Optionally generating a depth map S800 functions to generate a single-image depth map, without pixel capture delay artifacts, from a set of global-shutter equivalents of the depth measurements (e.g., example of global shutter pose shown in FIG. 8; example of generating a single-image depth map in FIG. 9). The global-shutter equivalent can be associated with (e.g., from the perspective of) the pose of a image sensor 100 at 0 delay time, the pose of an image sensor 100 at the pixel capture time, and/or any other suitable pose. Generating a depth map S800 enables rolling shutter depth measurements to be used in conventional depth analysis pipelines. Generating a depth map S800 can use the depth measurement of each matched pixel (e.g., from S600), image sensor pose, optionally raw images from each image sensor 100 and/or a virtual capture time, and/or any other suitable information. Depth measurements of the scene can be output as a depth map (a global-shutter equivalent) or some other depth representation from the perspective of an image sensor 100 at the image capture pose (e.g., 0 delay pose) or any other point. Depth values can optionally be associated with an error value which can be determined as a function of pixel coordinates (e.g., within the image), object speed, image sensor twist, and/or any other suitable parameters.
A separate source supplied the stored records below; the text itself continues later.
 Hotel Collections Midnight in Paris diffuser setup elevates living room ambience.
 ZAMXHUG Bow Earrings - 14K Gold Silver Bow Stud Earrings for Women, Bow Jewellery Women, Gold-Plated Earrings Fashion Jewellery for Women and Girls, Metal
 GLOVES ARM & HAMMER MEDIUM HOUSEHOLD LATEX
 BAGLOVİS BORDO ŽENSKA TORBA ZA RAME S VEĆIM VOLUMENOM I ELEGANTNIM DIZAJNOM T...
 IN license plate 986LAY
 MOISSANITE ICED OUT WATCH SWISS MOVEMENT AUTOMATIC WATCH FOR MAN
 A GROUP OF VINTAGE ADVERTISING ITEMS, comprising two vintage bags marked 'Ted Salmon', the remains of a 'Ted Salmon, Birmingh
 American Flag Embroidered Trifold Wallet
Additionally or alternatively the depths in rows, columns, and/or pixels of the depth map can be associated with different times (e.g., the respective times of capture for the same pixel coordinate in an image) where each depth can then also be used with the pixel capture delay map 20.
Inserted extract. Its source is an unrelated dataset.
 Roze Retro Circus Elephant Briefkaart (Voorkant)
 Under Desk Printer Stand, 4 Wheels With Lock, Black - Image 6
In a first variant, generating a global-shutter equivalent of the depth measurement can include: determining the delta pose for the image sensor 100 between the pixel capture time and the 0 delay (e.g., through interpolation); un-projecting the pixel to the 3D depth coordinate; transforming the 3D depth coordinate by the delta pose to determine the 3D depth coordinate at 0 delay; projecting the 3D point back into the camera frame to determine the shifted pixel coordinate (e.g., global-shutter equivalent of the matched pixel); and assigning the transformed 3D depth coordinate to the shifted pixel coordinate (e.g., example shown in FIG. 9). Additionally or alternatively, the GS-equivalent of the rolling shutter depth measurement can be otherwise determined. Fusion pipelines (e.g., 3D reconstruction pipelines) can use the shifted pixel coordinate and/or the transformed 3D depth coordinate. Additionally or alternatively, the GS-equivalent of the pixel coordinate (e.g., the shifted pixel coordinate) and/or the GS-equivalent of the depth coordinate (e.g., transformed 3D coordinate) can be otherwise used.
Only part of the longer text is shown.